(TASK STATEMENT): Within the records below, repeat each line exactly but keep every picture out of the copy.

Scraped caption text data
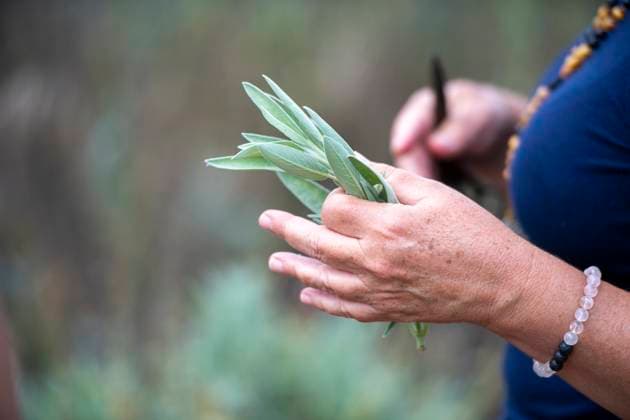 Woman holding freshly cut harvested sage San Diego, California, United States R_FRRO250117B-1603001-01 ,model released, Symbolfoto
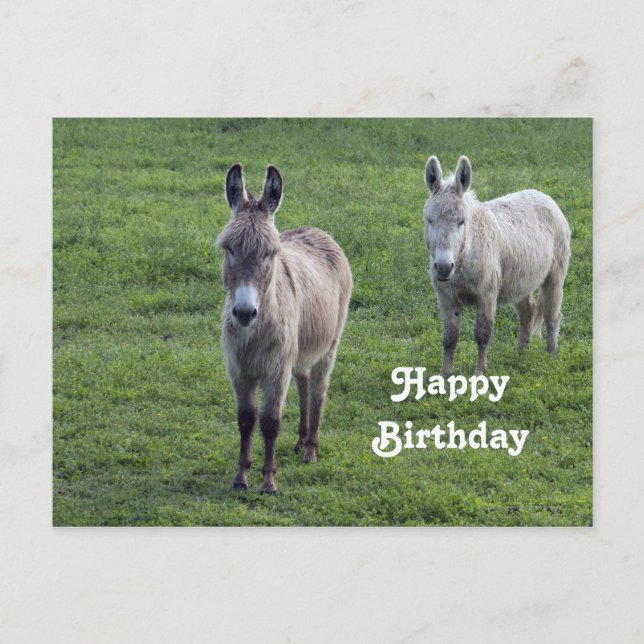 Carte Postale Âne Brun Tan Photo Animal Anniversaire (Devant)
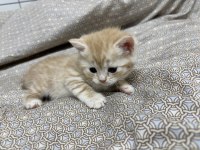 British longhair yavru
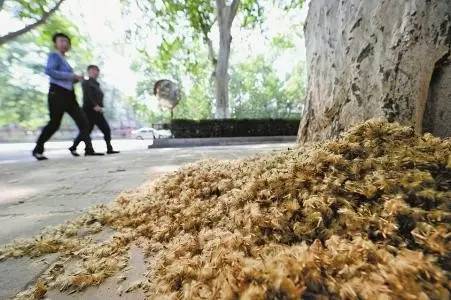 南京人被毛絮絮害惨了,今天给你一剂解药!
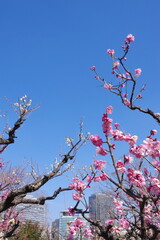 大阪城公園梅林の梅の花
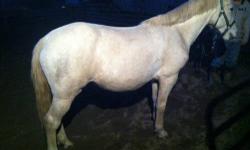 7 yr old grey mare. Qh, grade, no papers. 15 hands. UTD on all. Great for vet and farrier. Clips, bathes, ties, loads/trailers like a dream. Respects fence, goes out with everyone, not mareish! Sweet mare, is broke to ride, solid W/T/C, knows her leads,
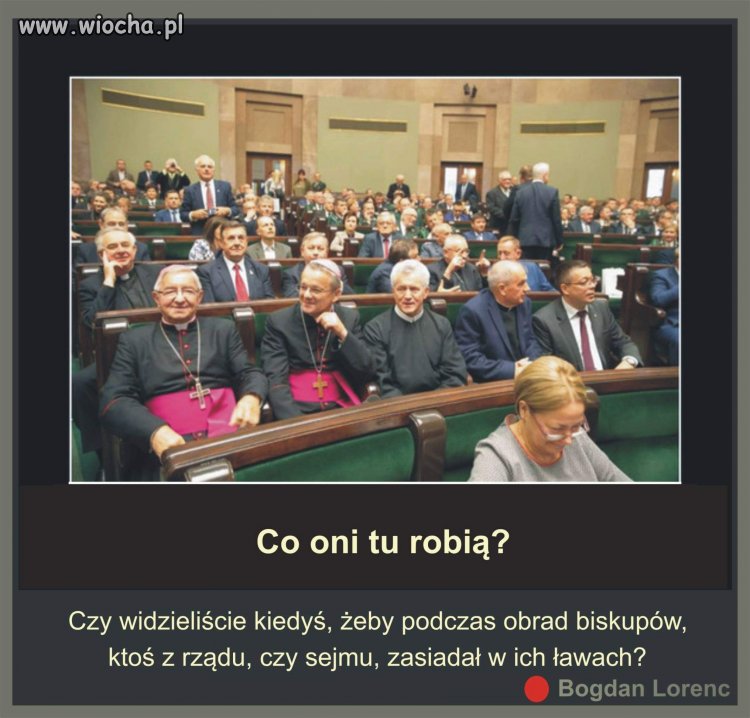 Co oni tam robią 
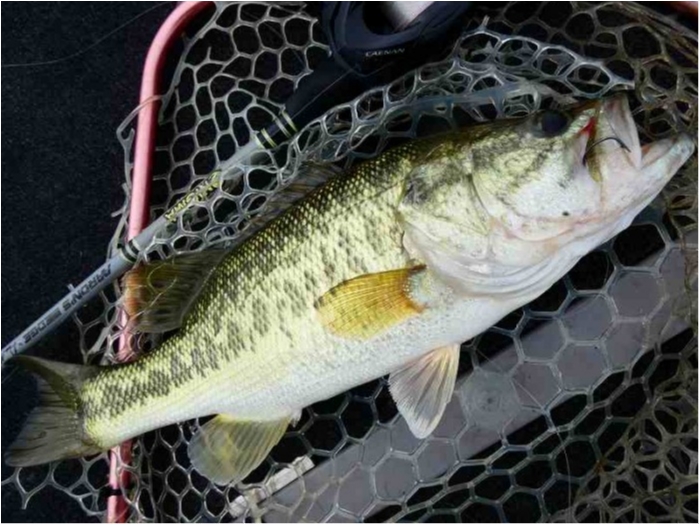 truth  ブログ写真 2018/06/16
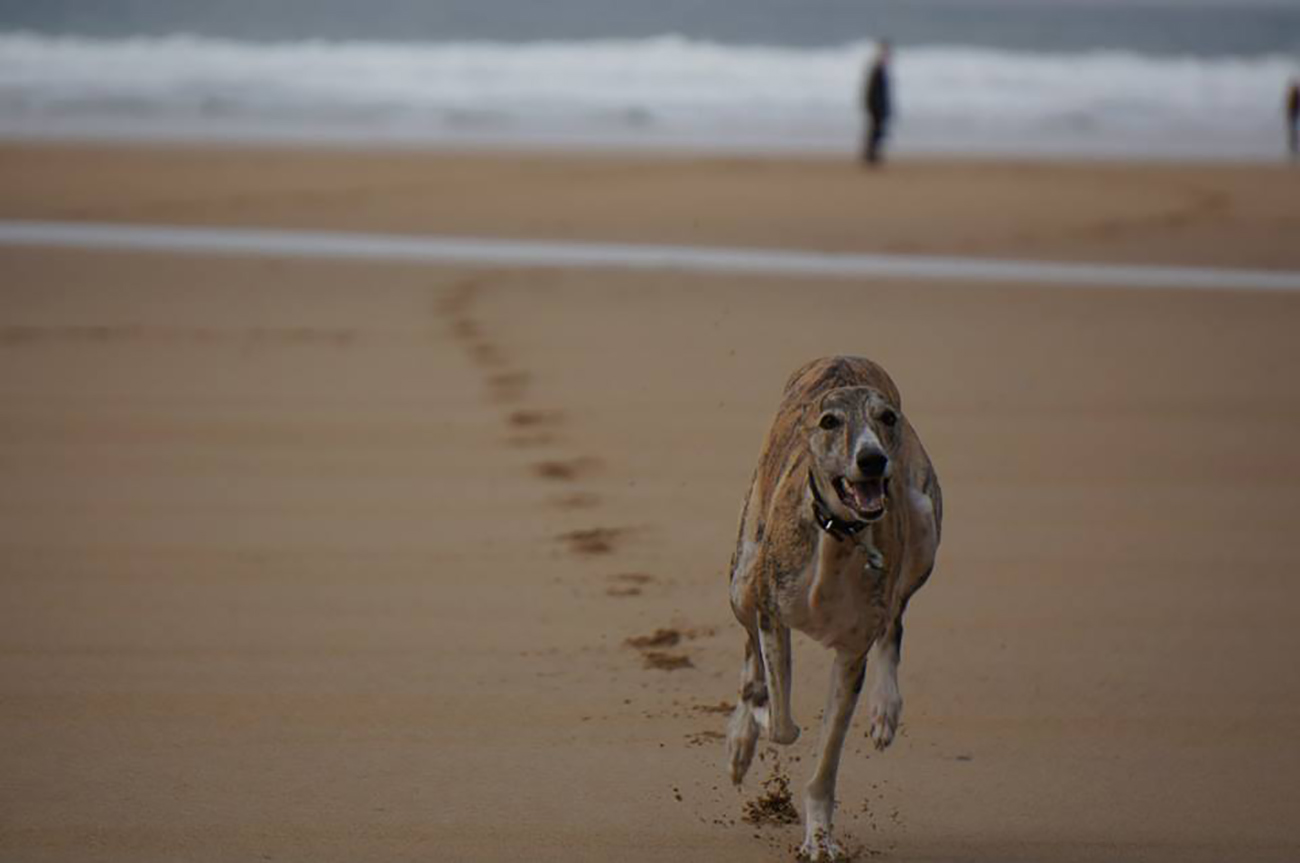 Buster at Fistral Beach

(COMPLETED TASK):
 Woman holding freshly cut harvested sage San Diego, California, United States R_FRRO250117B-1603001-01 ,model released, Symbolfoto
 Carte Postale Âne Brun Tan Photo Animal Anniversaire (Devant)
 British longhair yavru
 南京人被毛絮絮害惨了,今天给你一剂解药!
 大阪城公園梅林の梅の花
 7 yr old grey mare. Qh, grade, no papers. 15 hands. UTD on all. Great for vet and farrier. Clips, bathes, ties, loads/trailers like a dream. Respects fence, goes out with everyone, not mareish! Sweet mare, is broke to ride, solid W/T/C, knows her leads,
 Co oni tam robią 
 truth  ブログ写真 2018/06/16
 Buster at Fistral Beach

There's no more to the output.